4. Captain BeefheartSafe As Milk
I was young, and I belonged to this organisation called the Woodcraft Folk. It’s kind of a left wing, Brownie, Guides, type thing. It was quite cool and it’s still going now. We’d all go on these massive camps and snog each other and sing lefty sort of protest songs. On one of these camps a boy brought his guitar and written in tape across the guitar case was ‘Safe As Milk’. And I thought that was the most extraordinary expression. I thought; ‘What does it mean, ‘Safe As Milk’? His guitar is safe as milk? What, milk in milk bottles?’ So I was asking and asking everyone over the next couple of months if they knew what he meant and eventually someone told me it was the name of an album by Captain Beefheart.
So I got hold of the album and I absolutely thought it was amazing. His voice, the letting go. I love people who just let go. It was incredibly experimental but every track is really short as well. So they’re kind of like little pop songs. Again, they’re very catchy. I love the mixture, like Captain Beefheart or Syd Barrett, of experimental and accessible in one hit. I so aspire to that myself and he does that with ‘Yellow Brick Road’, ‘Abba Zaba’, ‘Zig Zag Wanderer’, ‘Electricity’, they’re catchy as well as being really extraordinary and out there.

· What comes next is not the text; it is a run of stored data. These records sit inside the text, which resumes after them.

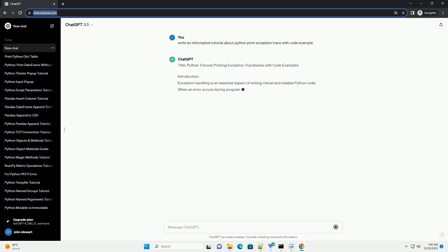Title: Python Tutorial - Printing Exception Tracebacks with Code Examples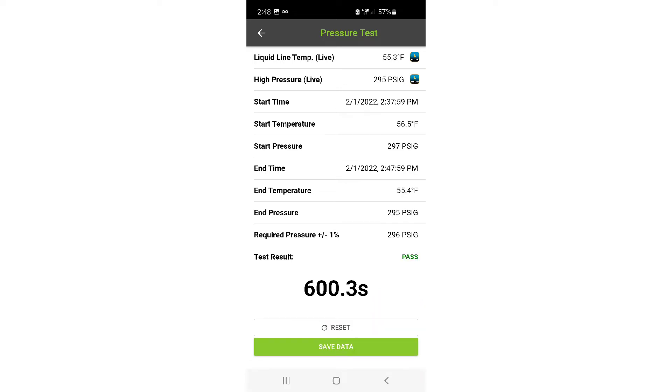Once you hit start, you'll notice that a clock timer starts. You can wait an appropriate amount of time, let's say 5 or 10 minutes or whatever your company standard is for a pressure test.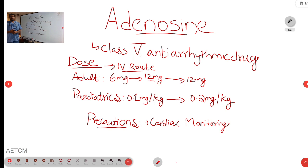Welcome to ATCM, the emergency medicine channel. Today, we are discussing a drug which is adenosine.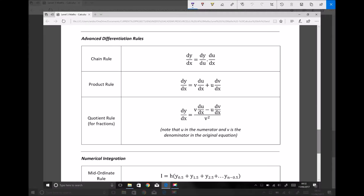In this video tutorial we're going to continue looking at advanced differentiation rules, but this time we're going to focus on the quotient rule. The quotient rule is used whenever we have a fraction, or a function divided by a function, as we'll see in a moment. On the screen here we have our equation sheet for the calculus topic.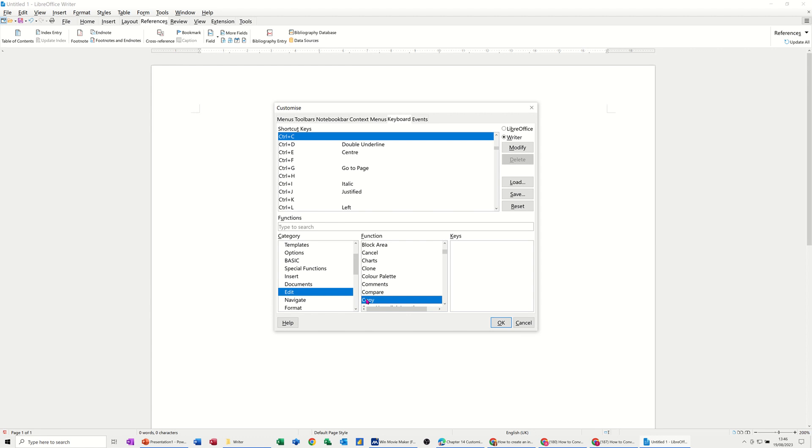Because what will happen is whatever you allocate will overwrite Copy and it won't be doing Copy. So for example, if you used F7 for a key command to do something, that means the F7 spellcheck feature, which is very commonly used, would not work. What you've said would work, so just be careful of that.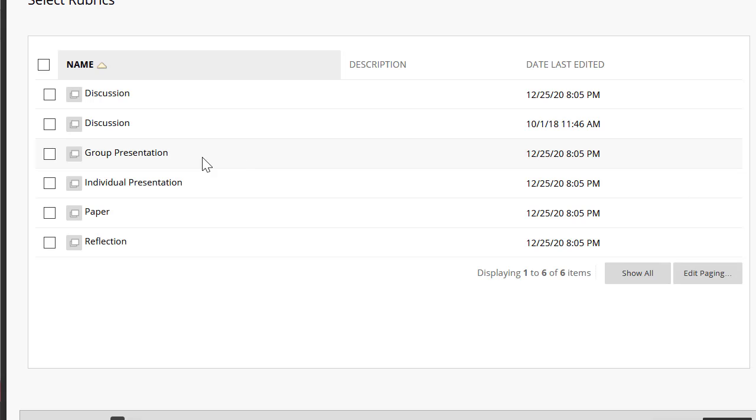These rubrics are already built in my course. I'm going to select the paper one and hit submit.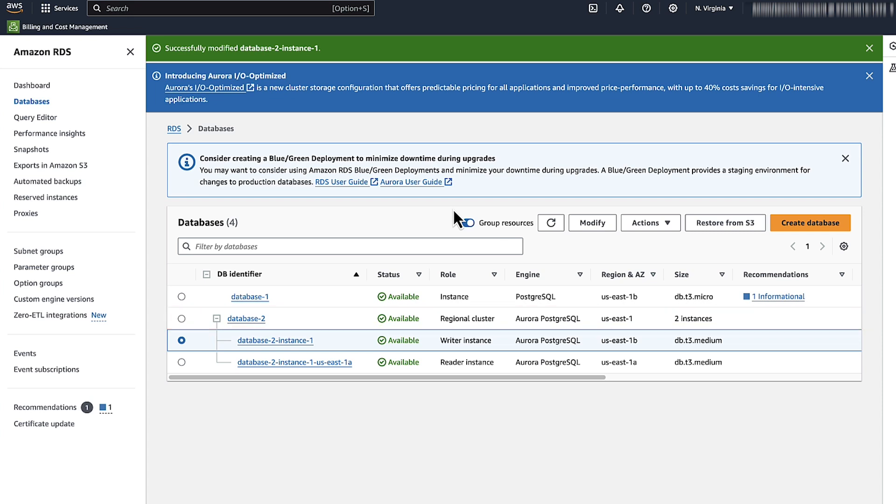And that's how you reset the admin user password for an Amazon RDS DB instance. Thanks for watching, and happy cloud computing from all of us here at AWS.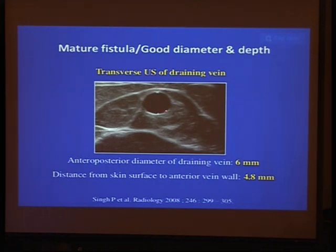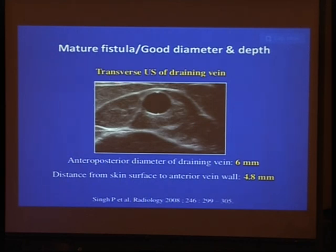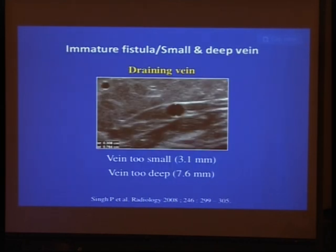This is the draining vein at 6 mm — more than 4 mm — and the distance from the skin is less than 5 mm. So it is a mature fistula. The fistula evaluation done two months after creation shows a diameter of more than 5 mm and distance from the skin of less than 5 mm, confirming a mature fistula.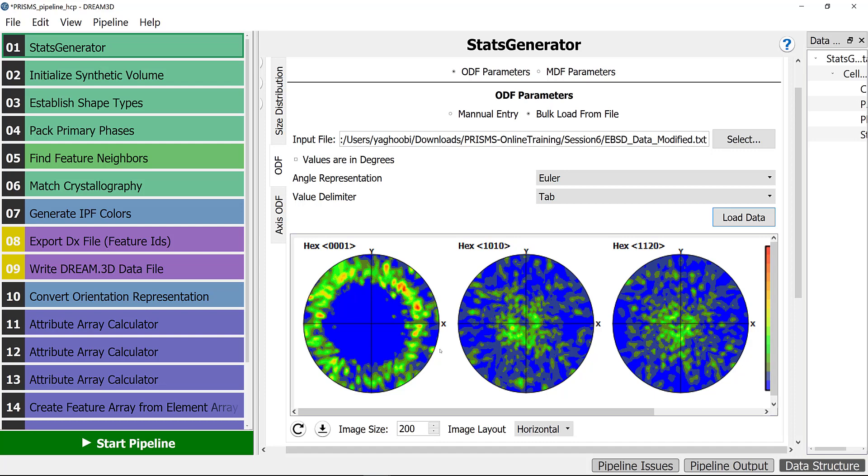This magnesium sample is extruded, so you can see that the extrusion axis is coming out of this 0001 pole figure. It has a weak basal texture.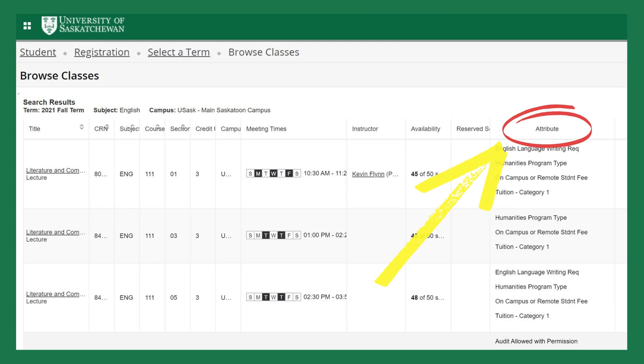When browsing for classes, pay special attention to the attribute column on the right hand side. This will tell you how your course is being offered.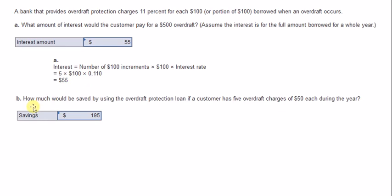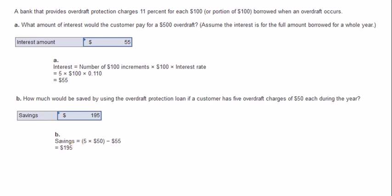Now let's tackle the second question: how much would be saved by using overdraft protection if a customer has five overdraft charges of $50 each during the year? To calculate the savings, we take five times $50 — that's $250 — minus the $55, which gives us $195. So in this case, the overdraft protection was actually helpful.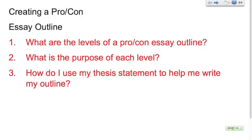Welcome back. Recently we've been working on our pro-con essay outlines, and as I've looked those over I've noticed that we've had some trouble organizing them effectively. We want to make sure these outlines are as well organized as possible so that when we get to writing the pro-con essay itself, we're able to do so very efficiently and without causing ourselves unnecessary pain.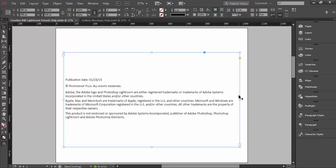In this quick tip I want to explain how you can duplicate pages between two InDesign documents. Here I have two separate documents open in InDesign. They are similar but not exactly the same.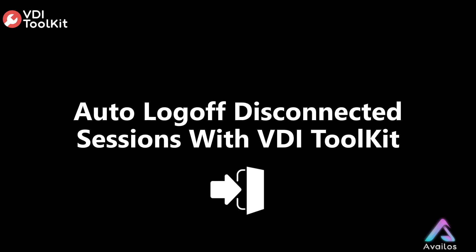In this tutorial we will be demonstrating how easy it is to auto log off disconnected sessions within your virtual desktop environment using the VDI Toolkit.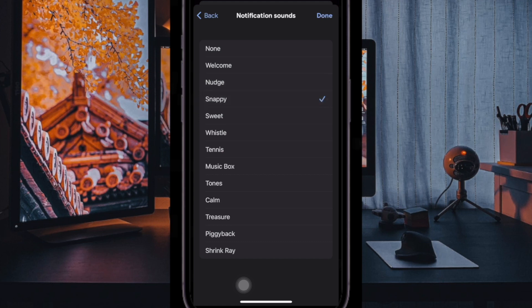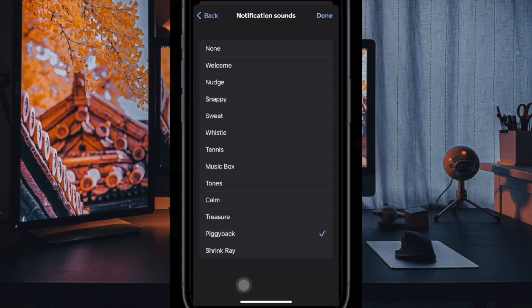The change will take effect right away, and the next time you get a notification, your selected sound will play. That's how you can customize the Gmail notification sound on your iOS or iPadOS device.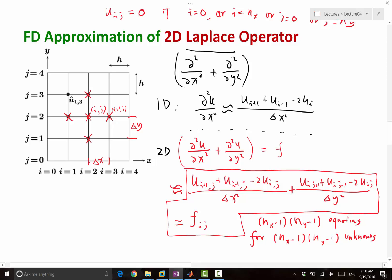So now let's discuss how to solve this equation. We have a set of linear equations, and it can potentially be a huge number of linear equations. So if nx and ny are both on the order of 100, you get like 10,000 equations. If both are on the order of 1,000, you get like a million equations. So how do you solve a million coupled equations?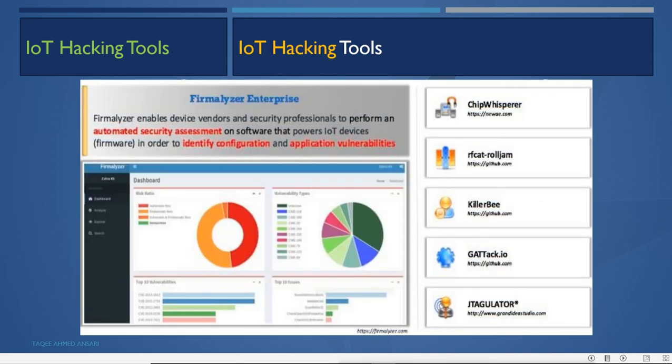IoT hacking tools include Firmwalker Enterprise, which enables device vendors and security professionals to perform automated security assessments on IoT device software to identify configuration and application vulnerabilities. Other tools include ChipWhisperer, RFCat, RollJam, Killer Bee, and others.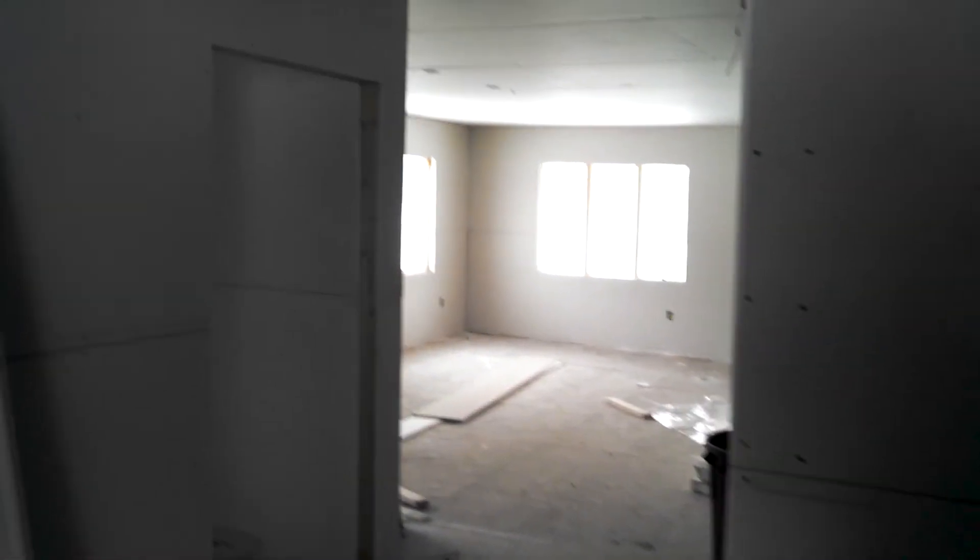Looking over here. Turn to your left, you got the main living area with a cool little tray ceiling.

I got most of his albums after that but that’s the one that stands out for me and that’s how I came across it. And then years later when I was in The Slits, I was sitting in a cafe in Portobello, he was in the cafe and he walked over to me and he said; ‘I really love your hat.’ It was a pink, silk, oversized beret and thank God I knew who he was because I looked him back in the eye and said; ‘And I really love your music.’ He was really shocked that this girl in pink polkadots knew who he was. That was my Captain Beefheart moment.